- **TASK OBJECTIVE**
Starting at the line that contains "Maunaloa Condo |", copy every line through the end of the records below exactly as written, leaving out pictures.

- **DATA TO USE**
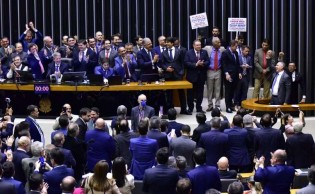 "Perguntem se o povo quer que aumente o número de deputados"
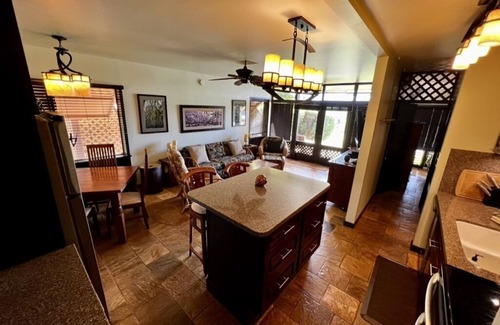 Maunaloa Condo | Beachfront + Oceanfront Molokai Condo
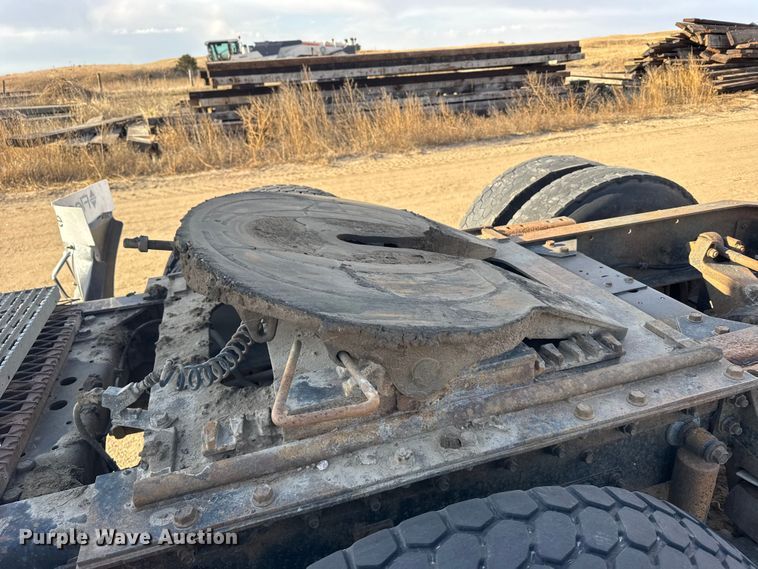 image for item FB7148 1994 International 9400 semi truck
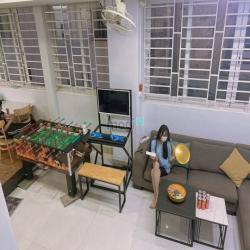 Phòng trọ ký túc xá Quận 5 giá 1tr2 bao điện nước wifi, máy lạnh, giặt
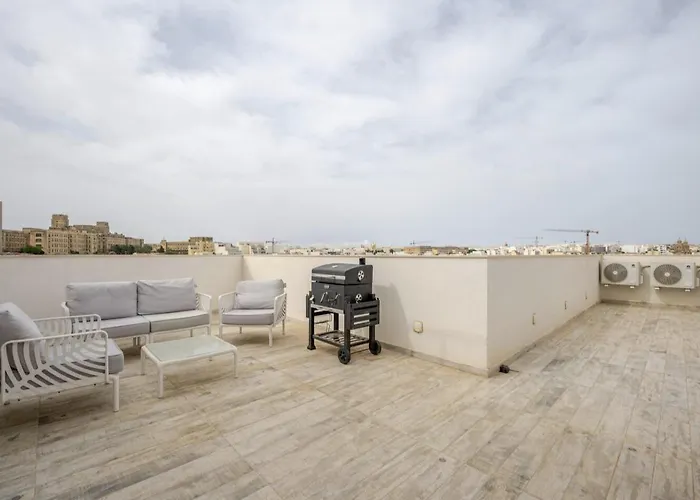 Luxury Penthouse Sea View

- **WRITTEN SOLUTION**
 Maunaloa Condo | Beachfront + Oceanfront Molokai Condo
 image for item FB7148 1994 International 9400 semi truck
 Phòng trọ ký túc xá Quận 5 giá 1tr2 bao điện nước wifi, máy lạnh, giặt
 Luxury Penthouse Sea View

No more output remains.